**Input data:**
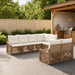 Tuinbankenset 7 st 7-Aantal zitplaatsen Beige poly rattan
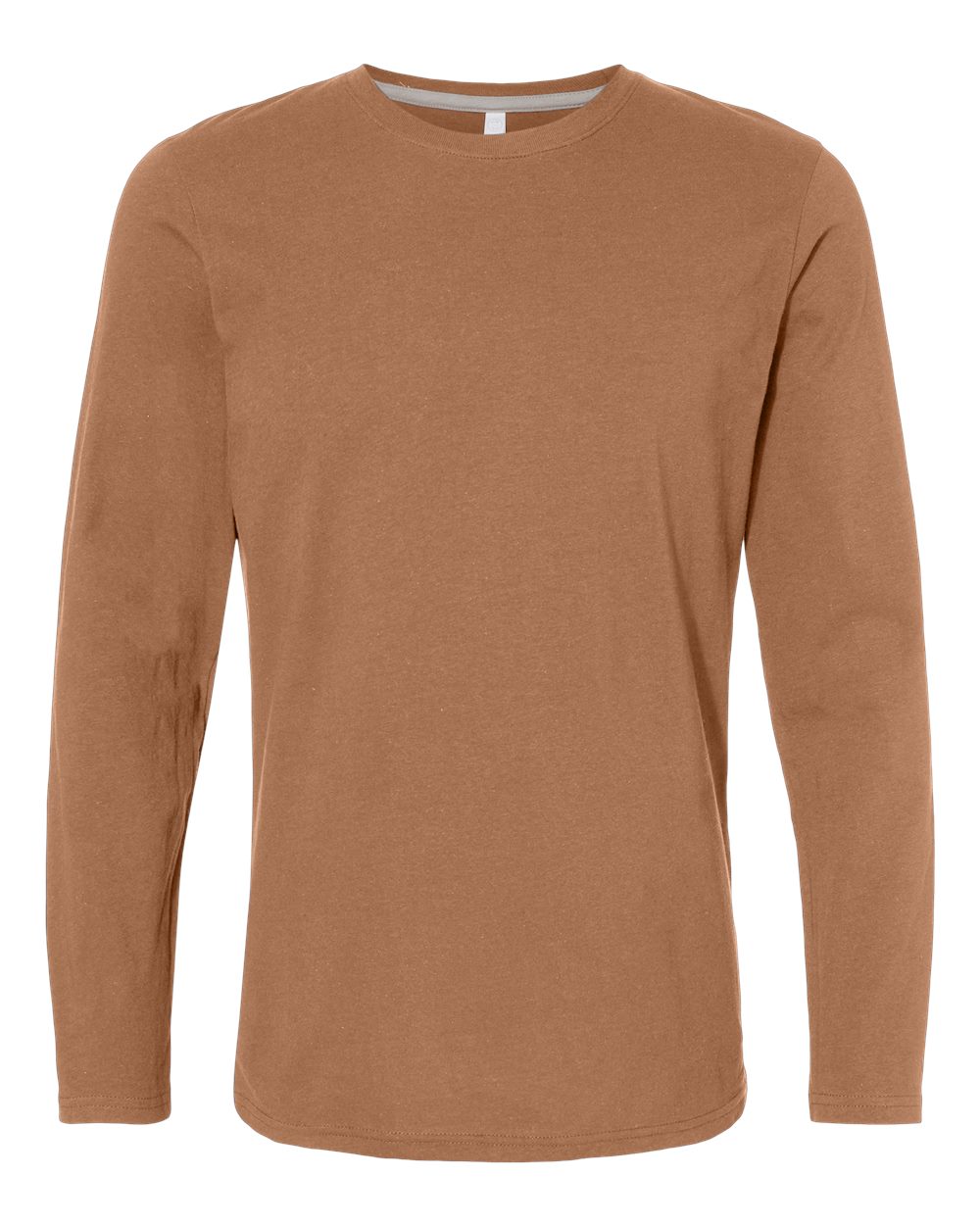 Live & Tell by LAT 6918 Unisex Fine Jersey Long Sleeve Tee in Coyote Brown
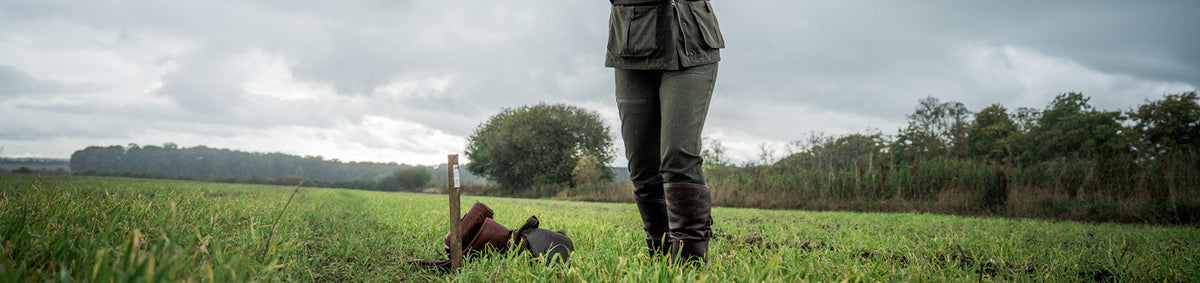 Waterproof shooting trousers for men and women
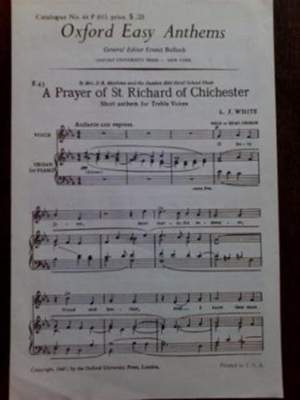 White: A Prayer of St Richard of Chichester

---

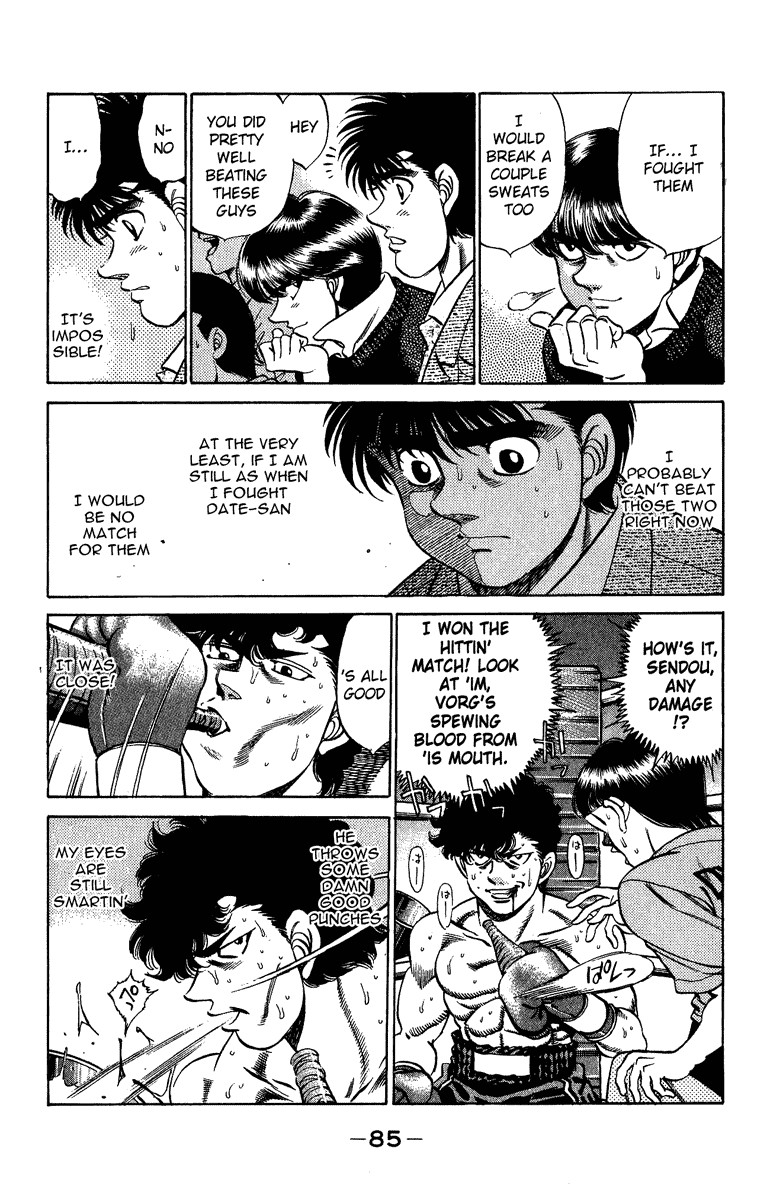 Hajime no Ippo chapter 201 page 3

--

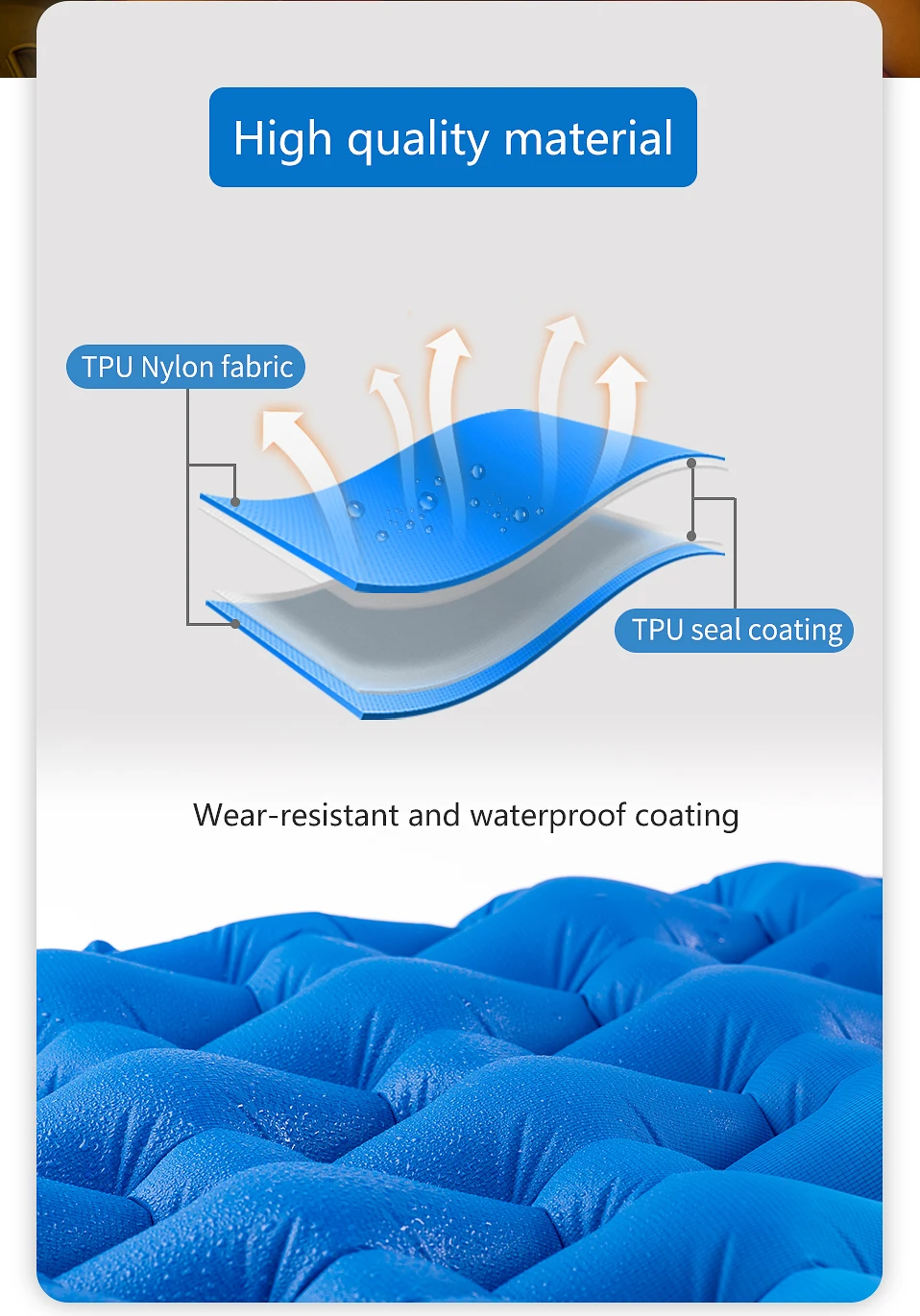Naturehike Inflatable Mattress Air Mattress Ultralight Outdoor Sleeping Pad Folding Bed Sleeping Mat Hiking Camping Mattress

**Task item:**
From the line with "Tuinbankenset 7 st" up to and including the line with "White: A Prayer of St Richard of Chichester" above, retype every line exactly and nothing more; leave out the pictures.

**Solution for this problem:**
 Tuinbankenset 7 st 7-Aantal zitplaatsen Beige poly rattan
 Live & Tell by LAT 6918 Unisex Fine Jersey Long Sleeve Tee in Coyote Brown
 Waterproof shooting trousers for men and women
 White: A Prayer of St Richard of Chichester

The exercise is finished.